Boko Haram Is Growing Stronger in Nigeria Thanks to Corruption in the Military

Nigerian soldiers
Soldiers ride on the back of a vehicle along a street in Gombe, Nigeria on January 30, 2015. Nigerian soldiers have reported a scarcity of resources, despite the military receiving hundreds of millions of dollars in government funds. Afolabi Sotunde/Reuters

Earlier this year, Nigerian Lieutenant Colonel T.J. Abdallah found himself under investigation by senior military officials. His offense: He criticized them on a WhatsApp messaging group. Describing them as “Nollywood actors” (Nigeria’s version of Hollywood), Abdallah said they had failed to provide his men with the weapons and equipment they needed to fight Boko Haram, the militant group that has waged an armed insurgency in Nigeria since 2009.

But if the colonel’s criticisms are right, his men’s scarce resources are not for lack of military spending. The Nigerian government has been increasing defense spending for years in its effort to stamp out Boko Haram. In May, the country’s Senate passed a record $24.45 billion federal budget that, once the executive approves it, will allocate $440 million for the Ministry of Defense . Yet for Nigerians in the country’s troubled northeast, where Boko Haram is most active, the planned cash injection may not bring the resources they need. A culture of corruption in Nigeria, says anti-corruption organization Transparency International, has prevented much of that money from reaching the troops.

In a report published May 18, Transparency International found that “corrupt elites” have stolen billions of dollars over the past seven years through inflated or fake military contracts. The embezzlers, the organization says, launder the money out of the country and “often [hide it] in property in the U.K., United States, South Africa and Dubai.”

As that money pours out of Nigeria, some military personnel say the lack of arms is putting the country’s soldiers in danger. Although Boko Haram fights on a small annual budget of around $10 million, according to a 2015 estimate from Hassan Baage, deputy director of the U.N. Security Council’s Counter-Terrorism Committee, it is reportedly better armed than the Nigerian military. Nigerian soldiers have told journalists they have faced Boko Haram militants when armed only with AK-47s, while Boko Haram’s arsenal includes “rocket-propelled grenades, machine guns with anti-aircraft visors, automatic rifles, grenades and explosives,” according to a 2012 U.N. report.

Though Boko Haram has lost strength, it is far from defeated. On May 15, three of the group’s female suicide bombers blew themselves up in the northeast state of Borno, killing two people in addition to the attackers. Those deaths add to the group’s increasing toll, now around 20,000 victims. The militants’ actions have displaced a further 2 million people throughout Nigeria and across neighboring countries.

Corruption in defense spending is not new in Nigeria. In 2015, when the country’s current president, Muhammadu Buhari, took office, he launched an anti-corruption campaign throughout the government. As part of this, Vice President Yemi Osinbajo found that $15 billion had been embezzled from the state through fraudulent arms deals under former President Goodluck Jonathan. His comments came five months after police arrested Sambo Dasuki, Nigeria’s former national security adviser, who is accused of stealing $2 billion through fraudulent arms deals. (Dasuki remains in detention.)

But despite Buhari’s efforts, criticism from people like Abdallah suggests that corrupt officials are still siphoning money from the Nigerian military.
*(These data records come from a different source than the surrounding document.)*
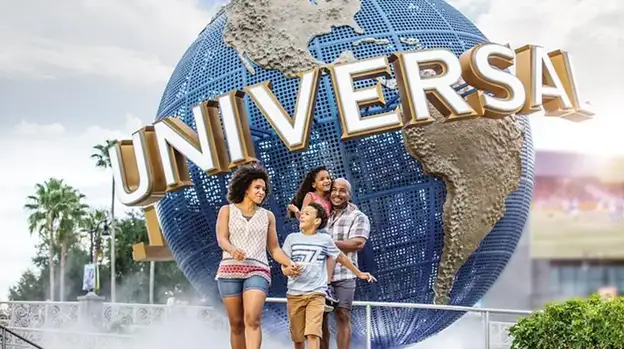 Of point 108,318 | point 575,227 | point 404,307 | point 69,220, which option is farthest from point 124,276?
point 575,227

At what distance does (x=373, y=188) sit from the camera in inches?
294

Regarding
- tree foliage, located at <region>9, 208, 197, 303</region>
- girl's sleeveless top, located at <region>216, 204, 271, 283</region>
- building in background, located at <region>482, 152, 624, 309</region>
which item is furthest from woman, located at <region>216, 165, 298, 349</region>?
tree foliage, located at <region>9, 208, 197, 303</region>

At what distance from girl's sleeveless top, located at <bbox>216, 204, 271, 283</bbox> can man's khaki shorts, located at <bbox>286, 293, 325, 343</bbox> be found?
0.35m

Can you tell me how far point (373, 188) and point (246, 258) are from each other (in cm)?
262

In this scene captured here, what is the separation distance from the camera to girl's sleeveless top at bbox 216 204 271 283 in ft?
16.6

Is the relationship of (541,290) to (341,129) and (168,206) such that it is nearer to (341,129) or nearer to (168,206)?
Answer: (341,129)

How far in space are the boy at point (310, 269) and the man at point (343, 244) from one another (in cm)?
50

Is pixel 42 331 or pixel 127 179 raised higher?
pixel 127 179

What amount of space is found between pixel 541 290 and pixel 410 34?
15.1 ft

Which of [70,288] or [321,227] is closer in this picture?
[321,227]

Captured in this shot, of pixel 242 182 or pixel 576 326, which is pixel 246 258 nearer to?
pixel 242 182

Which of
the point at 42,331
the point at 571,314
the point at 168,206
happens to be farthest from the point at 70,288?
the point at 571,314

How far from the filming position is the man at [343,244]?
231 inches

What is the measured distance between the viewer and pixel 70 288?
43938mm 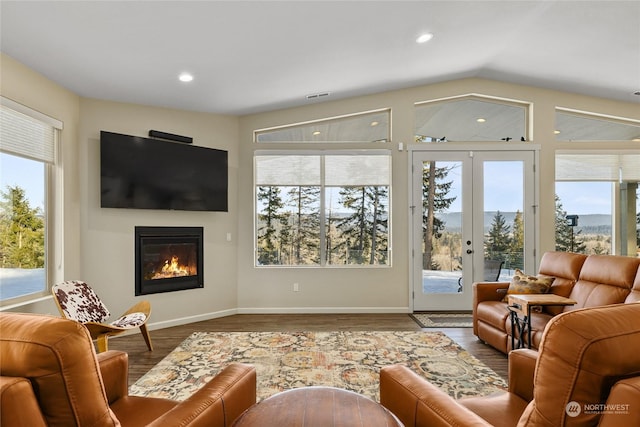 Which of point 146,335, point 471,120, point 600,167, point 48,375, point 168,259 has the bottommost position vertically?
point 146,335

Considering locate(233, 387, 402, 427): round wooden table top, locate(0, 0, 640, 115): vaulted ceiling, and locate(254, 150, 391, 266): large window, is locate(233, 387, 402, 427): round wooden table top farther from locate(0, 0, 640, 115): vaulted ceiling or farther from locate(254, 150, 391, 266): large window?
locate(254, 150, 391, 266): large window

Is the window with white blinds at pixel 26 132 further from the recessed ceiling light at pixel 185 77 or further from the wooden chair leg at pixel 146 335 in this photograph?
the wooden chair leg at pixel 146 335

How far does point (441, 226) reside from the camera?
5098mm

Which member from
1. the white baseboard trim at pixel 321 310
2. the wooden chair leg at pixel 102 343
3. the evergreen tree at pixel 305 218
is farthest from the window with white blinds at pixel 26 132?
the white baseboard trim at pixel 321 310

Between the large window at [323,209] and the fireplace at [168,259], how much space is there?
918mm

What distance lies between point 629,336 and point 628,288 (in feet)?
9.00

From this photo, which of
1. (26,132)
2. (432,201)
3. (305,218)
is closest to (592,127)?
(432,201)

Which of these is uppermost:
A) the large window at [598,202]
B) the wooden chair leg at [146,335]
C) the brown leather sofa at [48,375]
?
the large window at [598,202]

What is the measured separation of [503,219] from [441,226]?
0.93 metres

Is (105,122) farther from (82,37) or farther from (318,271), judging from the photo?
(318,271)

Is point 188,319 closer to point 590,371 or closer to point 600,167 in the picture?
point 590,371

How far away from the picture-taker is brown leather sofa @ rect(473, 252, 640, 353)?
2.87m

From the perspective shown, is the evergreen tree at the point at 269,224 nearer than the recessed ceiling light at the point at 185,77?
No

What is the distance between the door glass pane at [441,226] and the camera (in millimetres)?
5059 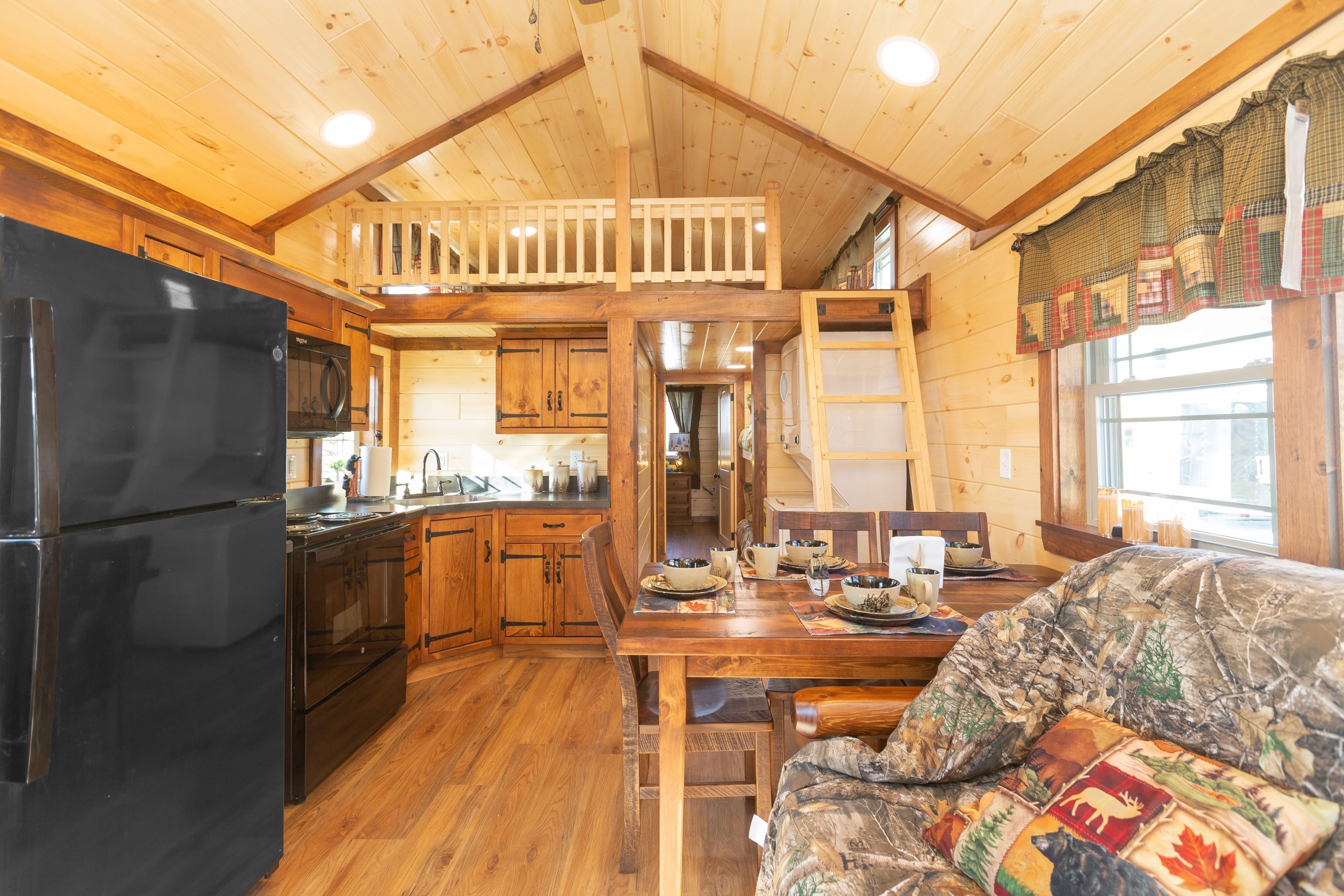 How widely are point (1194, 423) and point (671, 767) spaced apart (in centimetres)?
184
One factor driving this, according to Transparency International, is the secrecy surrounding Nigeria’s defense budget relative to other countries. “In any country, a proportion of spending must remain confidential for security reasons; typically 15 percent, including among states in conflict,” the organization’s report says. “Yet Nigeria classifies nearly all defense contracts and budgets and considers any broadly defined security-related matter ‘secret’ by definition.”

This secrecy, which prevents journalists and civil society organizations from scrutinizing military spending, is a hangover from when Nigeria was under military rule. From 1983 to 1999, a powerful regime prevented civilian oversight of the armed forces. Though Buhari has set up two committees to investigate past defense deals, the military remains secretive about its spending. According to Transparency International, officials have given members of Buhari’s party the option to pay fines to avoid fraud charges in relation to defense spending. Nigeria’s international allies, the organization notes, continue to give money to Nigeria, despite a lack of transparency about how the government spends it.

In February, a U.K. parliamentary briefing paper on Nigeria offered a scathing assessment: “In May 2016, not long after the former Prime Minister David Cameron had described the country as ‘fantastically corrupt,’ the British government said it was giving Nigeria £40 million [$52 million] over the next four years to help in the fight against Boko Haram.”

It is not clear whether that money was misappropriated, but despite Buhari’s efforts, it appears defense spending is still slipping out of his military’s control—and into the pockets of corrupt elites.